Why a Heart Transplant?
The surgical transplant procedure performed when other treatments for heart problems fail resulting in a heart failure is called a heart transplant or cardiac transplant. In most cases, it is performed on adult patients in the final-stage of severe coronary artery disease, heart failure, cardiomyopathy (weakening of the heart myscle), congenital heart defect (a heart problem by birth) and valvular heart disease. As for children, it is performed on those with a cardiomyopathy or congenital heart defect.
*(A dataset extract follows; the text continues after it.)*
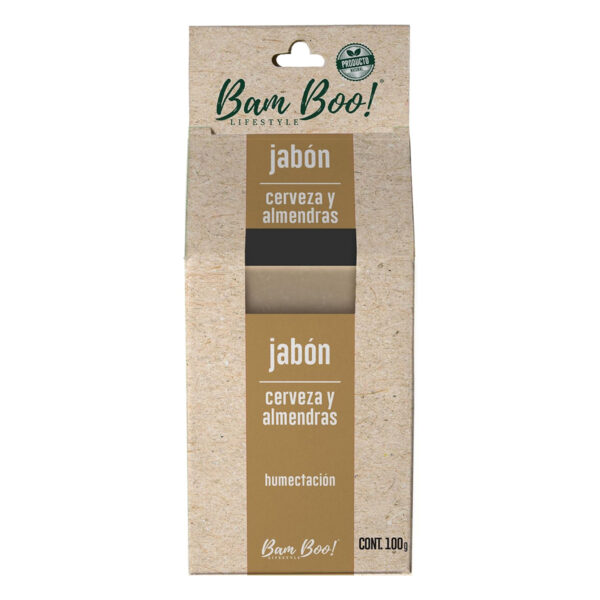 Jabón Artesanal Natural Cerveza y Almendras 100 g Bam Boo! Lifestyle
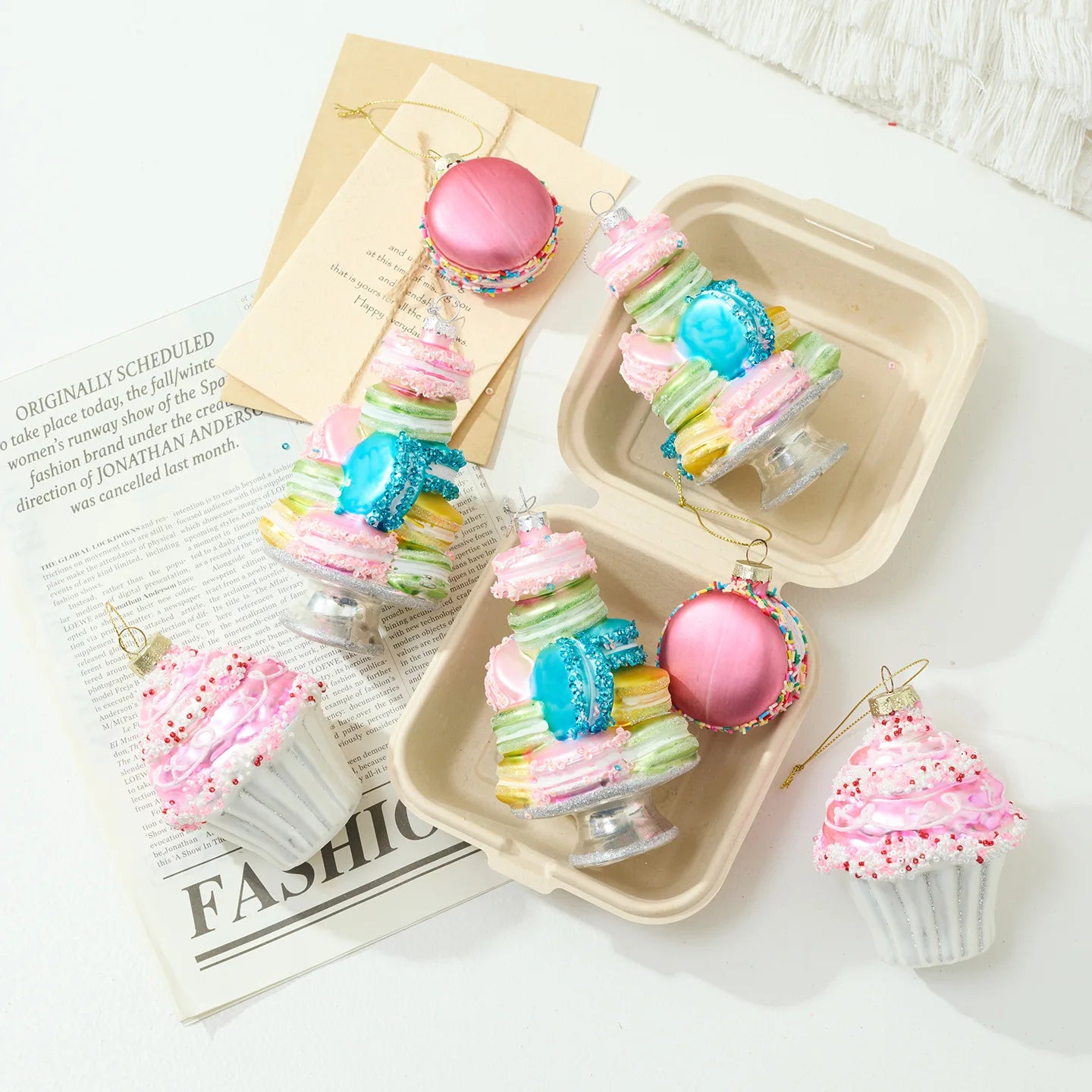 New Shaped Glass Christmas Ball Christmas Tree Pendant Colorful Macaron Cake Painted Ball Christmas Decorations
For this procedure, a suitable donor heart is first identified. It is mostly from a recently deceased organ donor or brain dead donor. Once identified, the heart is removed from the donor and tested to see if it is in a good working condition by a team of expert heart specialists. After the patient undergoes a series of medical evaluation and pre-surgical medication, the healthy functional heart from the donor is taken and placed it in the place of the patient’s defect heart. A beating heart can be successfully transplanted into a patient by connecting it to an Organ Care System, a special machine, that keeps the heart at body temperature allowing it continue pumping warm oxygenated blood. The patient’s faulty heart is later either fully removed by a procedure called orthotopic procedure or, in extremely rare situations, left inside the patient’s chest to support the donor heart. The latter procedure is called heterotopic procedure.
Once the procedure is completed, the patient is shifted to the ICU to recover. Based on the patient’s ability to take care of the new heart, his general health and how well the new heart functions. However, most doctors prefer the patients to remain in hospital care for one or two weeks. Once discharged from the hospital, the patient may return for check-ups and rehabilitation if emotional support is required. Once the patient adjusts well to the heart transplant, the frequency of hospital visits will decrease.
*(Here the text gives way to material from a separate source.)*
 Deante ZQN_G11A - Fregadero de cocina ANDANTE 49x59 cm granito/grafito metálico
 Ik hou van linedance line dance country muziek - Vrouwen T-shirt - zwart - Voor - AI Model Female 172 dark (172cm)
A heart transplant is not the solution for everyone with a heart problem. Each patient will be individually considered and evaluated by a transplant center before recommending a transplant. Some candidates will not qualify for this procedure due to certain factors such as -
- Age – Those above the age of 65
- A different medical condition that may shorten the patient’s life regardless of a donor heart
- Those with peripheral artery disease (crucial blockages in arteries in legs or arms)
- Past history of cancer
- Those who refuse to quit smoking or drinking and are not willing to makes lifestyle changes that are crucial to keep a donor heart healthy
For such patients, the other option is to get a ventricular assist device (VAD) implanted in the chest. This miniature device will help pump blood efficiently through the patient’s body.
Heart transplantation is not a cure for a heart disease. It is a life-saving surgical procedure that is performed to extent the span and quality of life for the recipient.